§ EXERCISE
Please copy the lines below, exactly as they are, from the one with "This makes it" through the one with "Hello, everyone. Welcome", and leave out the pictures.

(EXCERPTED DATA begins)

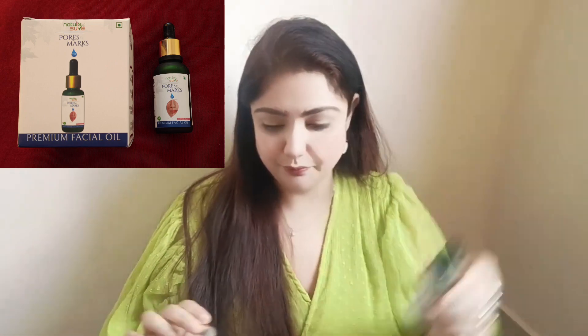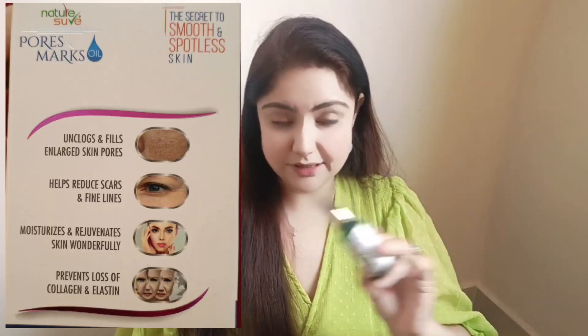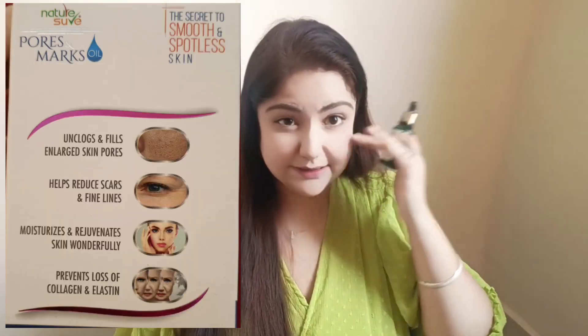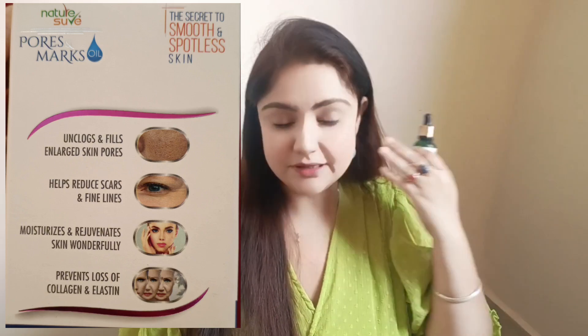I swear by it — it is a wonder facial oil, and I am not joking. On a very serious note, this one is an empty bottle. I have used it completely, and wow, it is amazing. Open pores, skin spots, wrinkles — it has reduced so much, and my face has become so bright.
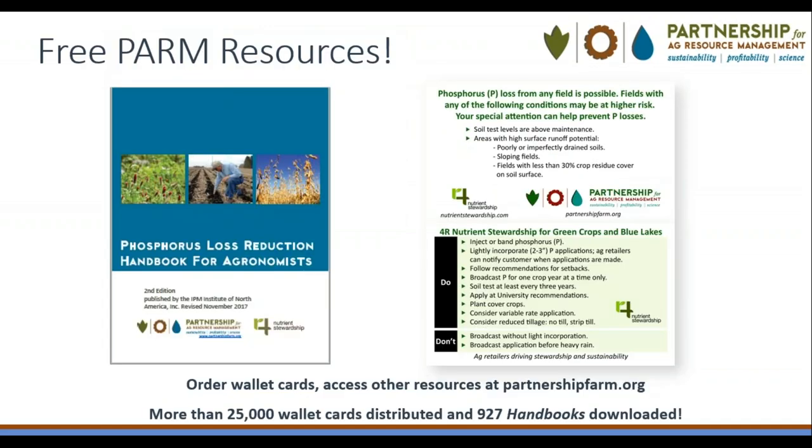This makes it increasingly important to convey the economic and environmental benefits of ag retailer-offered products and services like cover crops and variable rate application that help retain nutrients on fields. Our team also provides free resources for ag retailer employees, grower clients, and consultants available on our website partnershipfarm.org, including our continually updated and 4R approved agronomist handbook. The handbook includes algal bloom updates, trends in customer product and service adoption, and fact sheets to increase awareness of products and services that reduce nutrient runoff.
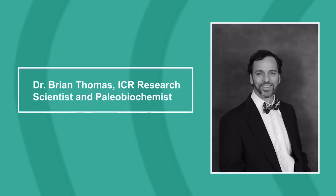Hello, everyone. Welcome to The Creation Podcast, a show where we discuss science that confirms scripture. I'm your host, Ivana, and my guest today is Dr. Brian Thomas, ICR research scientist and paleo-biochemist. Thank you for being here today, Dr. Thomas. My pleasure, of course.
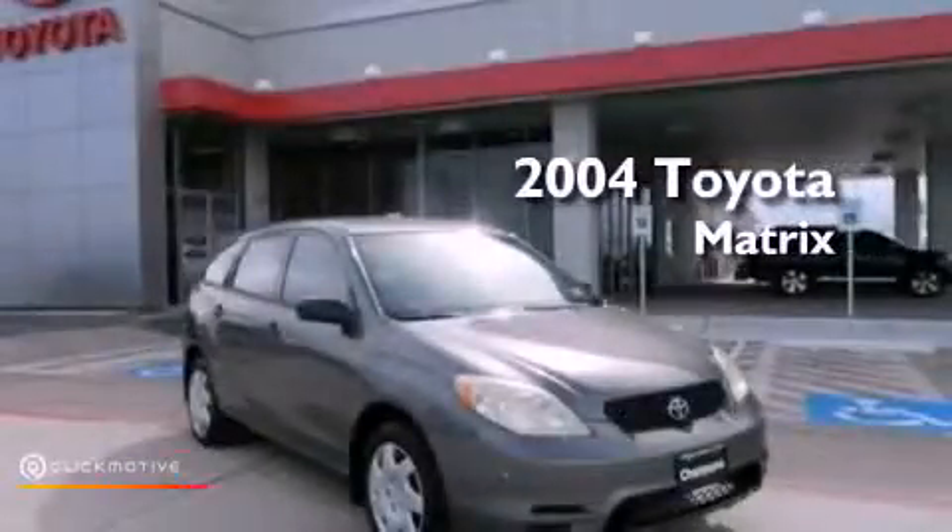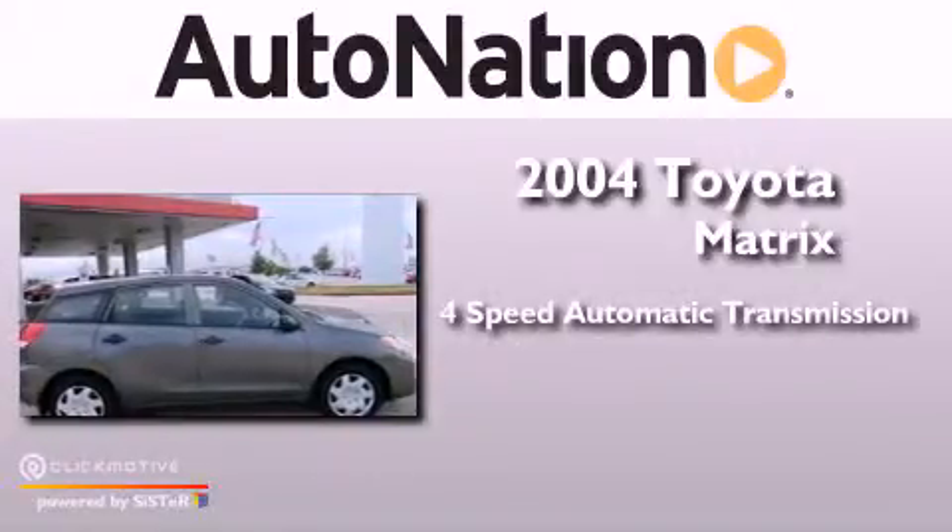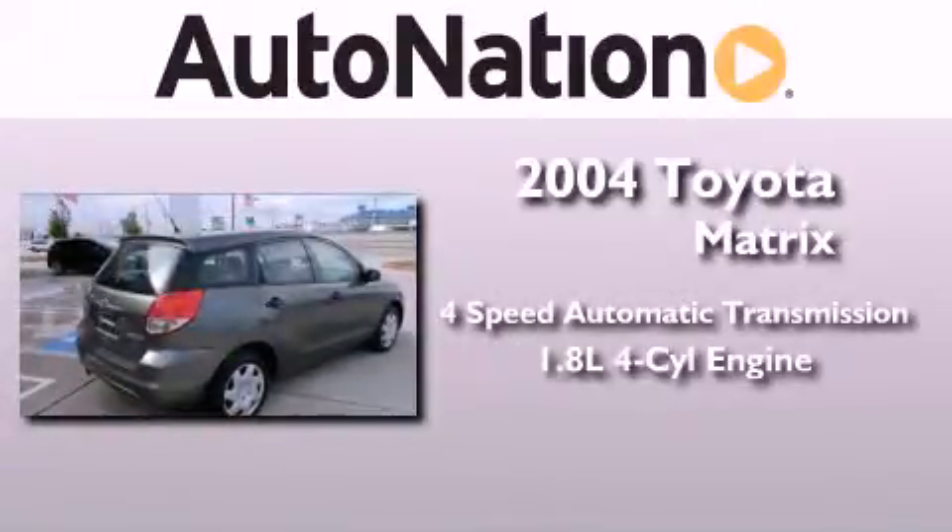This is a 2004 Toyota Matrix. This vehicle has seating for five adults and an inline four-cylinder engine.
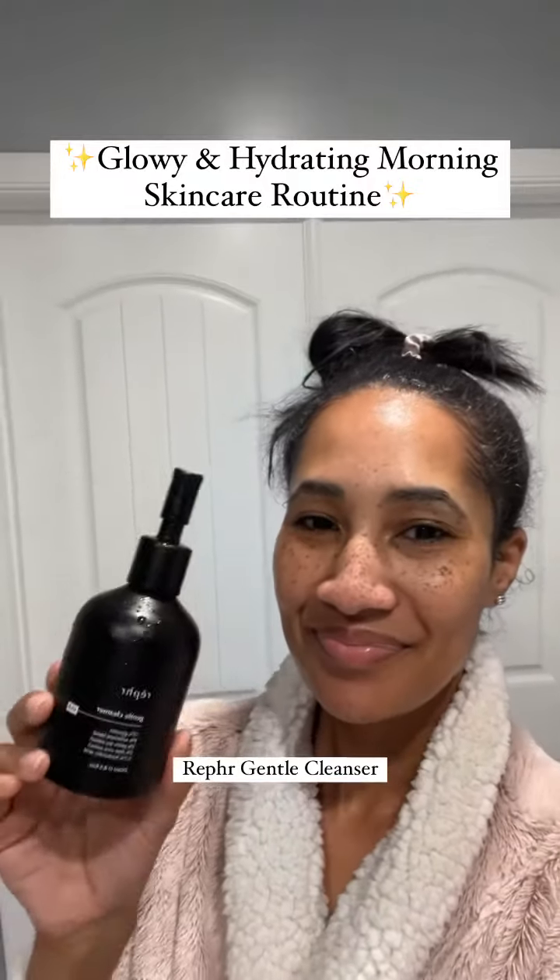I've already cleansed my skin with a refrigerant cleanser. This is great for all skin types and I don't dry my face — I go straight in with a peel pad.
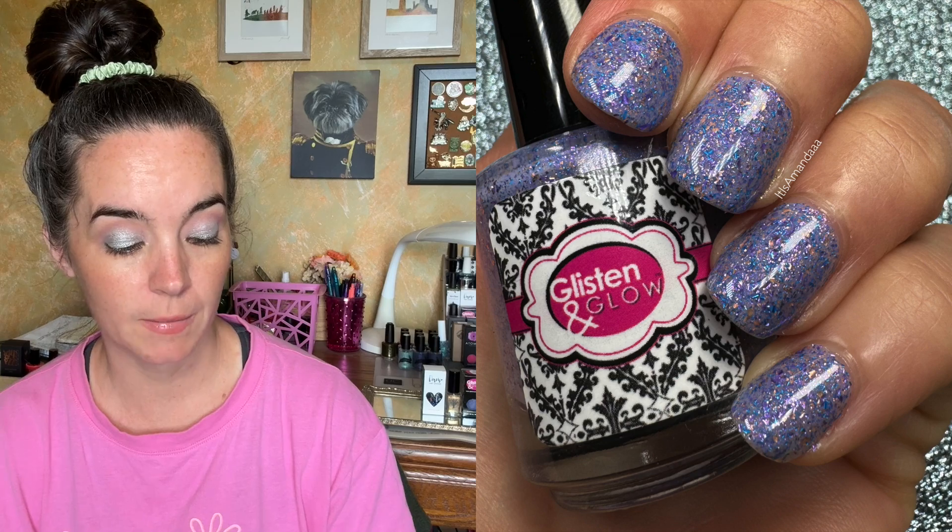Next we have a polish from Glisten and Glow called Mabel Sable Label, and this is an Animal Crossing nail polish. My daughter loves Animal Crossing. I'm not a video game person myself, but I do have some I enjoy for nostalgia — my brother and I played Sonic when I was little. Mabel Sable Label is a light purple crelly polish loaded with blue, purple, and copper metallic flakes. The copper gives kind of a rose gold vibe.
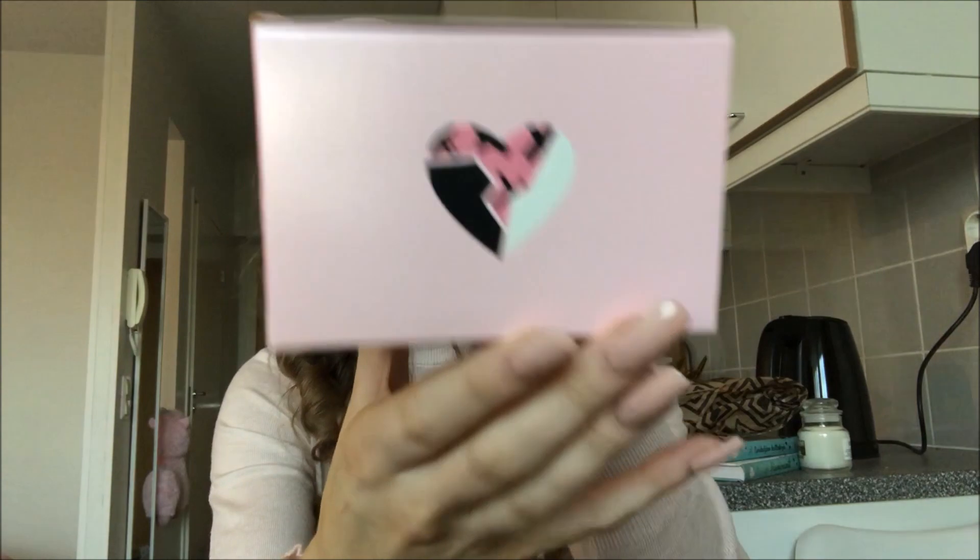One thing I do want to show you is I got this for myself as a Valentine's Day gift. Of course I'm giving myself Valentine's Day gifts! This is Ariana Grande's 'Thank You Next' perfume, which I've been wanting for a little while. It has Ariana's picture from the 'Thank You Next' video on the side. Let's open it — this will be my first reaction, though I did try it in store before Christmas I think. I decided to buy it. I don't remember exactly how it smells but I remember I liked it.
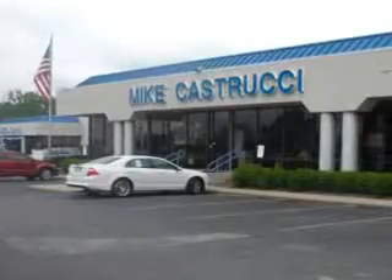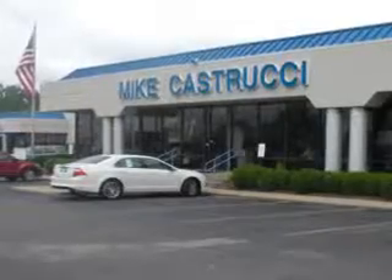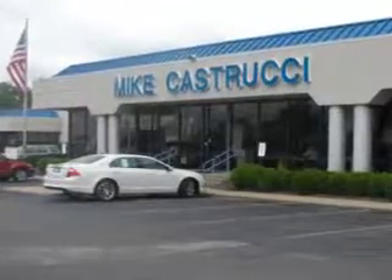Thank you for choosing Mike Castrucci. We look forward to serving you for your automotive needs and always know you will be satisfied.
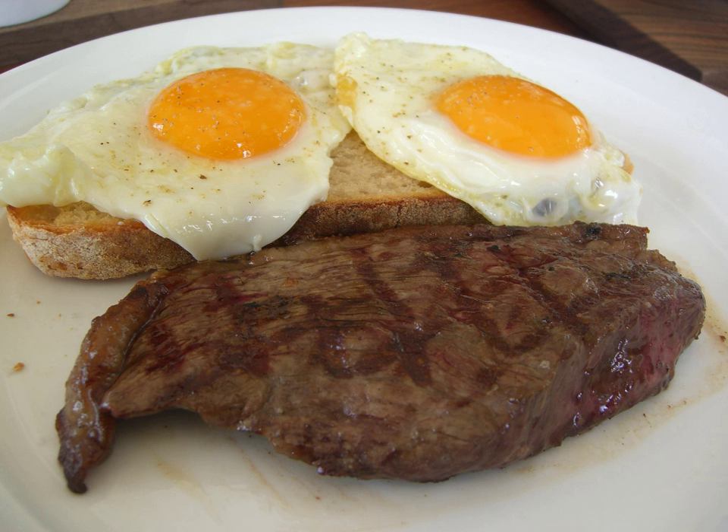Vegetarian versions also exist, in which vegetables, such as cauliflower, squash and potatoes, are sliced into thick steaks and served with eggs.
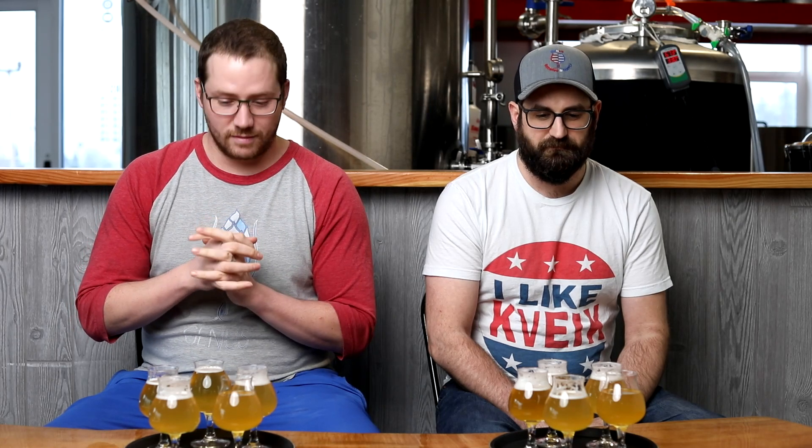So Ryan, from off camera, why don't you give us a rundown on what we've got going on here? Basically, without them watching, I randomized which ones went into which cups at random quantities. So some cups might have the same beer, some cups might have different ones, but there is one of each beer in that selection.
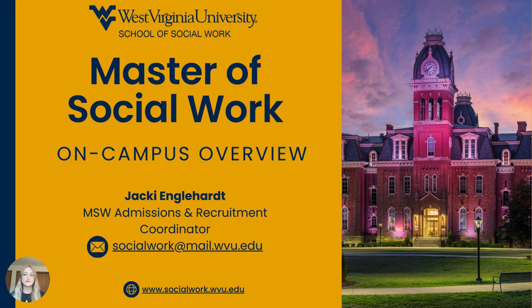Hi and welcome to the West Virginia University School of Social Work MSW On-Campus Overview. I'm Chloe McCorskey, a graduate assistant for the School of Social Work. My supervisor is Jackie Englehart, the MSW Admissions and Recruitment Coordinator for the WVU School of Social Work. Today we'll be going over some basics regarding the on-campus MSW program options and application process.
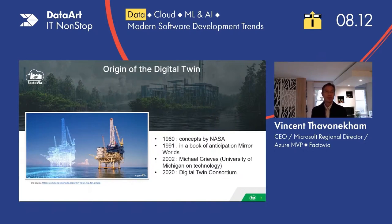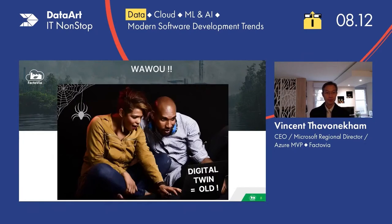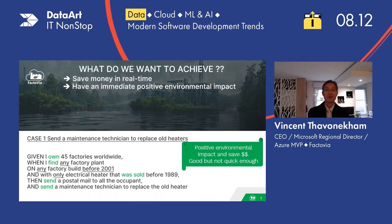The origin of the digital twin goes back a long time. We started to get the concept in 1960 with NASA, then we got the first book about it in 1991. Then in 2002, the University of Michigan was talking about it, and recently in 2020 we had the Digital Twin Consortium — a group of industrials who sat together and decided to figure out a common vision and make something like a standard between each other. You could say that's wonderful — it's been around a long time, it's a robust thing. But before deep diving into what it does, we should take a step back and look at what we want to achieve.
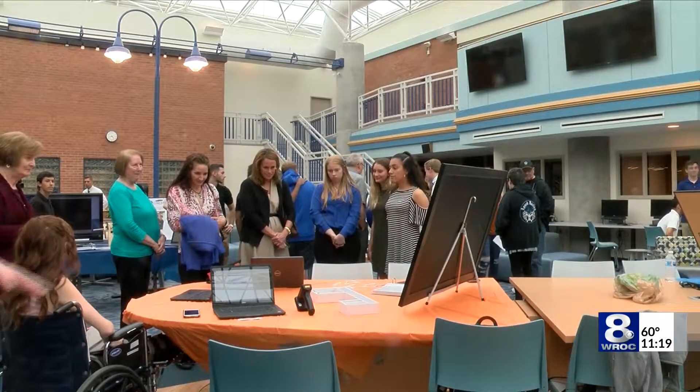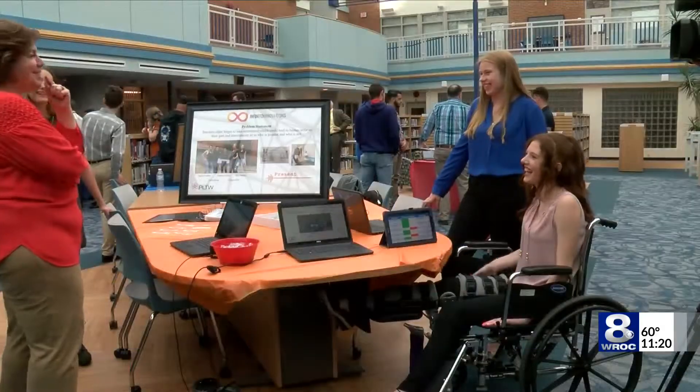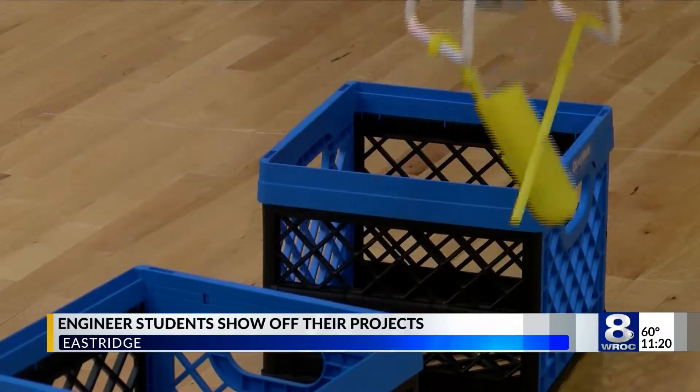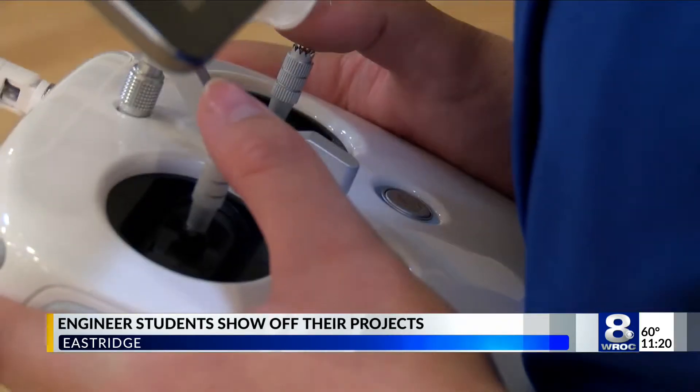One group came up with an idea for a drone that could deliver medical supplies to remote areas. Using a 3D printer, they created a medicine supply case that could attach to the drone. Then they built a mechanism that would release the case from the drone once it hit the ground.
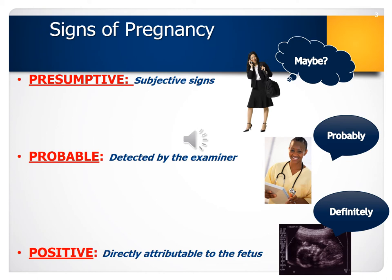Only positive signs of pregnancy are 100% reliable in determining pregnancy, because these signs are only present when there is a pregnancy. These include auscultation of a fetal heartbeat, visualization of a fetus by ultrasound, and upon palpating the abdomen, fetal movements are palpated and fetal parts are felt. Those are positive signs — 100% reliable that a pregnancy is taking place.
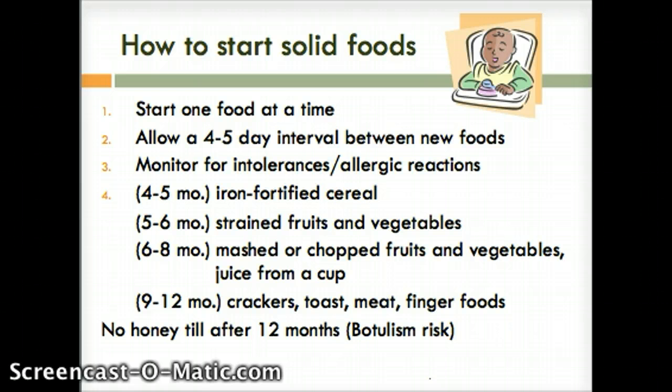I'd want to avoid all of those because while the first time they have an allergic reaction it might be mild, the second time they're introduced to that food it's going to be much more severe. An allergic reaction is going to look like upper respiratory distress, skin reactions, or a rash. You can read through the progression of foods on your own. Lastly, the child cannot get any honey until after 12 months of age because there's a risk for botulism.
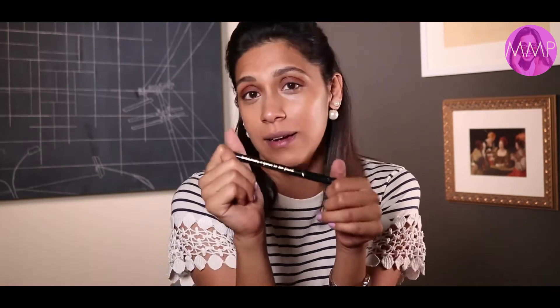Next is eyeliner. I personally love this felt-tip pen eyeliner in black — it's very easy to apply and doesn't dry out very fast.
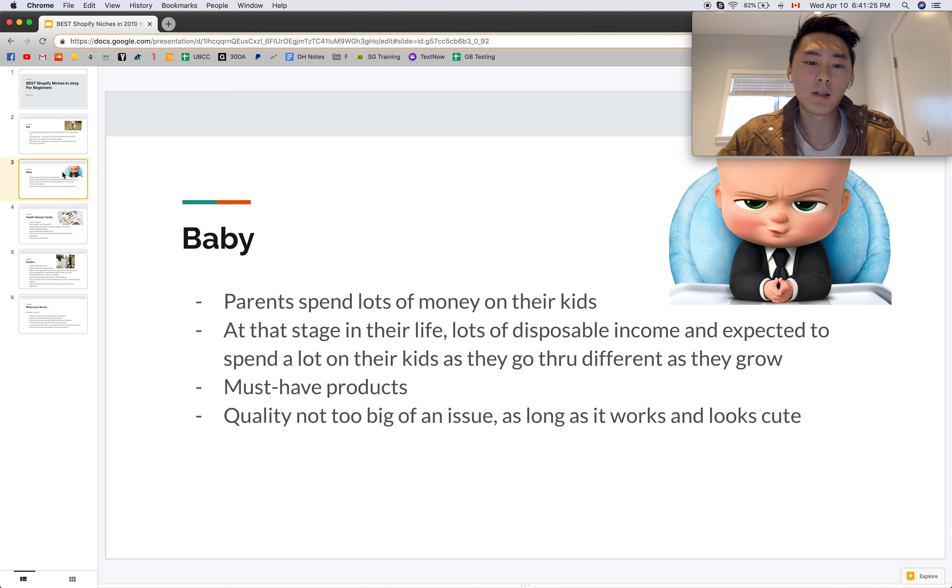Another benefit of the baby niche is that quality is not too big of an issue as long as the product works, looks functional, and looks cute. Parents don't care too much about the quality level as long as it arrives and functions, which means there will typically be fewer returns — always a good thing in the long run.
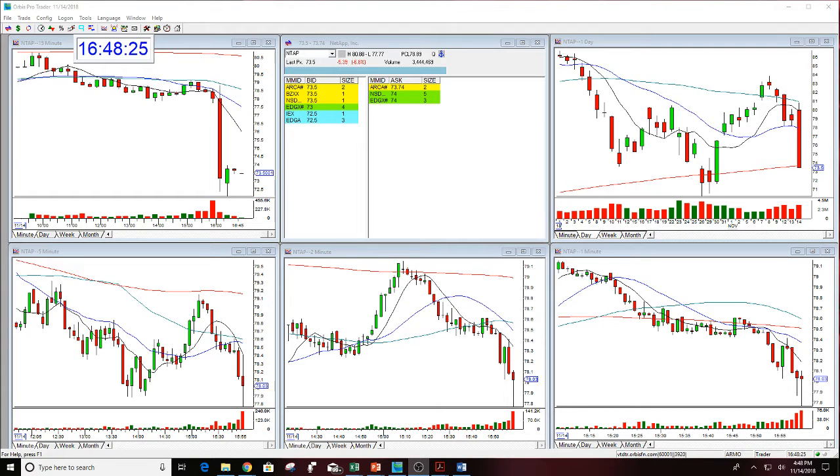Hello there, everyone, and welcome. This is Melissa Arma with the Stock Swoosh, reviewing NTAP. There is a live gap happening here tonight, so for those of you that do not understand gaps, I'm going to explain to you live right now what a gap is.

(EXCERPTED DATA ends)

§ THE ANSWER
This makes it increasingly important to convey the economic and environmental benefits of ag retailer-offered products and services like cover crops and variable rate application that help retain nutrients on fields. Our team also provides free resources for ag retailer employees, grower clients, and consultants available on our website partnershipfarm.org, including our continually updated and 4R approved agronomist handbook. The handbook includes algal bloom updates, trends in customer product and service adoption, and fact sheets to increase awareness of products and services that reduce nutrient runoff.
Hello, everyone. Welcome to The Creation Podcast, a show where we discuss science that confirms scripture. I'm your host, Ivana, and my guest today is Dr. Brian Thomas, ICR research scientist and paleo-biochemist. Thank you for being here today, Dr. Thomas. My pleasure, of course.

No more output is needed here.